Dari Ruang Kos-kosan Menuju Indonesia
Merdeka Arif Gunawan Sulistiyono : Pemimpin Redaksi Tirto.id, Mantan Lead
Researcher CNBC Indonesia.com |
TIRTO.ID, 24 Oktober 2022
Pada awalnya
adalah kebutuhan kolonialisme akan tenaga terampil. Dari situ, pemerintah
Hindia Belanda membuka pendidikan bagi rakyat Indonesia. Siapa sangka, benih
nasionalisme justru ikut muncul dari tempat yang tak terprediksi, yakni di
kamar-kamar kos dan kontrakan. Menurut Momon
Abdul Rahman dkk dalam buku Sumpah Pemuda: Latar Sejarah dan Pengaruhnya bagi
Pergerakan Nasional (2008), Indonesia memiliki sekolah modern pertama di pada
24 Februari 1817. Sekolahnya ada
dua, yakni di Weltevreden (sekarang kawasan Gambir) dan Molenvlier (kawasan
Gajah Mada), Jakarta. Sayangnya, sekolah tersebut hanya diperuntukkan khusus
bagi keluarga bupati-bupati Jawa. Perlu 31 tahun
bagi pemerintah Hindia Belanda untuk mengizinkan adanya sekolah yang dibuka
untuk umum—atau istilahnya untuk kaum pribumi, yakni pada 30 Desember 1848.
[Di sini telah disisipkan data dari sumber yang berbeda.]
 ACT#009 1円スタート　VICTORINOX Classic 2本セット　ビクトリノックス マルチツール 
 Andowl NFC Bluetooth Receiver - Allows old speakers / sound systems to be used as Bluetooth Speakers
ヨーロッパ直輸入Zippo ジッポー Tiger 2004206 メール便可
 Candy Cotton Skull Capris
Lokasinya lebih merata, yakni di ibukota karesidenan, kabupaten, kawedanan,
dan kota pusat bisnis. Meski
tingkatnya hanyalah sekolah dasar, biayanya begitu mahal sehingga hanya
anak-anak dari keluarga priyayi dan kalangan berada yang bisa menikmati.
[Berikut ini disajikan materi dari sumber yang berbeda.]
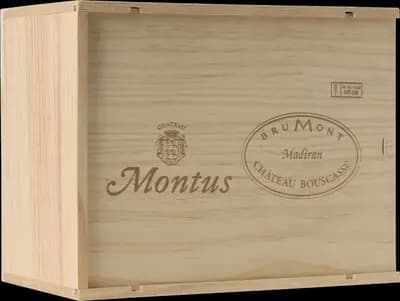 Produktbild för Trälåda Château Montus Rouge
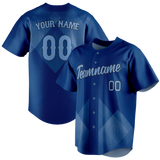 Custom Team Design Royal Blue & Light Blue Colors Design Sports Baseball Jersey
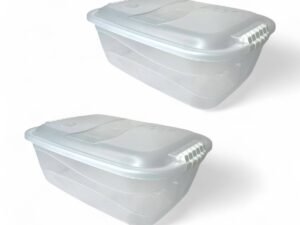 Kit 2 Caixas Organizadora Container Transparente 3 Litros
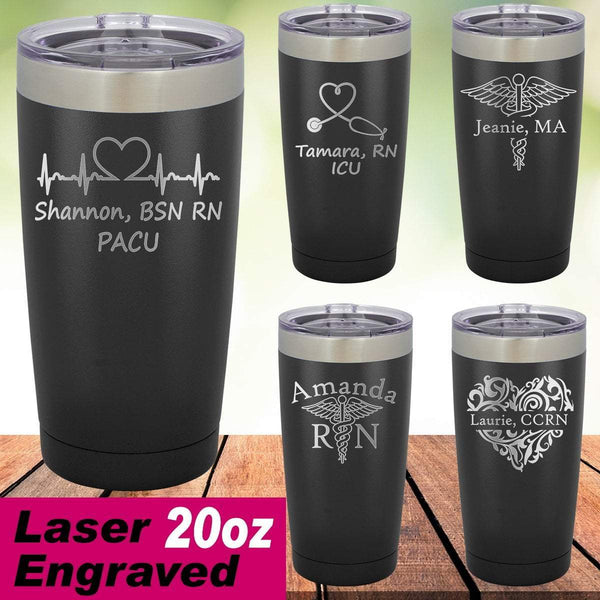Engraved Personalized Tumbler With Name 20 oz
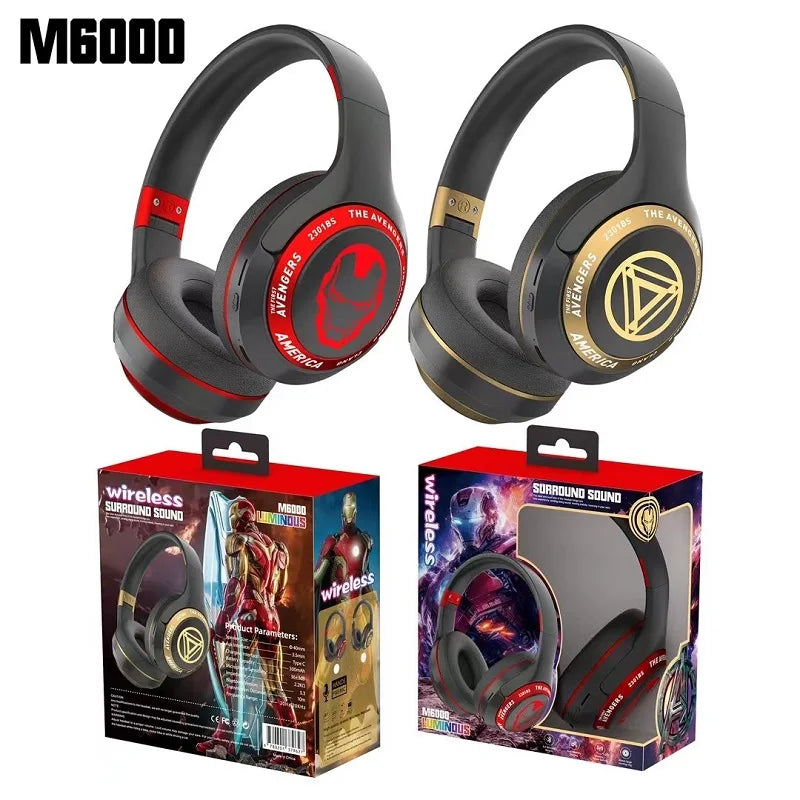 Disney Marvel Spider-Man Bluetooth Headphones — Wireless Foldable Earphones with Noise Cancellation, HIFI Stereo Gaming Headset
Sekolah menengah menyusul dibuka, 12 tahun kemudian, yakni pada tahun 1860. Barulah pada
tahun 1900-an sekolah-sekolah tinggi setara universitas dibuka untuk umum.
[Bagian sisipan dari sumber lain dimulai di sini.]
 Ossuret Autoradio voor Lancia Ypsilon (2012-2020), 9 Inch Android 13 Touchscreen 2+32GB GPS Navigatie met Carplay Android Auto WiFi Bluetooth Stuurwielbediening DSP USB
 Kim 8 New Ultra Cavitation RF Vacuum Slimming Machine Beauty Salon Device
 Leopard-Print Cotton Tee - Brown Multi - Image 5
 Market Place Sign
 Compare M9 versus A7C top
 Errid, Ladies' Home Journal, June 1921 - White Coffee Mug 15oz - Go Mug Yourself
Salah satunya adalah Sekolah Pendidikan Dokter Pribumi (School tot Opleiding
van Inlandsche Artsen/STOVIA) pada tahun 1902. Artinya, perlu
setengah abad bagi pemerintah Hindia Belanda mengizinkan dimulainya
pendidikan dasar bagi rakyat, dan nyaris seabad untuk membuka izin
beroperasinya perguruan tinggi. Dus, jangan
heran jika negeri ini—dan juga negara bekas jajahan lainnya—begitu tertinggal
dalam percaturan dunia modern. Kolonialisme tak hanya merampas hasil bumi dan
sumber daya alam tanah jajahan, tapi juga merampok akses kaum terjajah atas
pendidikan modern. Ketika Ratu
Wilhelmina berpidato di depan Parlemen Belanda pada 1901 tentang politik
etis, ia tak menduga bahwa kebijakannya yang berujung pada pembukaan sekolah
tinggi di Hindia Belanda bakal menciptakan situasi perubahan yang
menggoyahkan kuku kolonialismenya. Sekolah tinggi
yang didirikan Belanda tersebut pada akhirnya mengumpulkan para pemuda
nusantara—umumnya keturunan bangsawan, kalangan berada, atau mereka yang
berotak encer dan disponsori warga Belanda. Diskriminasi
di sistem dan tata kelola sekolah Belanda, seperti yang dialami Ki Hajar
Dewantara, membangunkan kesadaran nasionalisme mereka. Demikian juga berbagai
larangan atas semua ide dan ekspresi yang melawan kezaliman kolonialisme. Maka,
pergerakan pun muncul di ruang-ruang kamar kos, dan kamar kontrakan para
mahasiswa tersebut, seperti yang terjadi dengan Soegondo Djojopuspito dan
Kartosuwiryo di kamar kos HOS Cokroaminoto. Demikian juga
dengan Soetomo—anak kos di Madiun dan di Belanda, yang pertama memakai kata
‘Indonesia’ dalam aktivisme dengan mengubah Indische Vereeniging (Perhimpunan
Hindia) menjadi Indonesische Vereeniging (Perhimpunan Indonesia) pada tahun
1922. Berkat para
anak kos itulah ‘Indonesia’ sebagai entitas kebangsaan lahir, dan menjadi
kutub perjuangan seluruh rakyat Indonesia, yang diikrarkan melalui Sumpah
Pemuda. Seabad Setelahnya: Ironi Pendidikan & Pemuda Kini, kita
menginjak 1 abad setelah Soetomo menyematkan kata Indonesia dalam pergerakan
para aktivis kemerdekaan. Sumpah Pemuda juga telah kita peringati yang ke-94
kali. Buah pikir dan
keringat para pemuda dan mahasiswa itu telah membawa kita pada kemerdekaan.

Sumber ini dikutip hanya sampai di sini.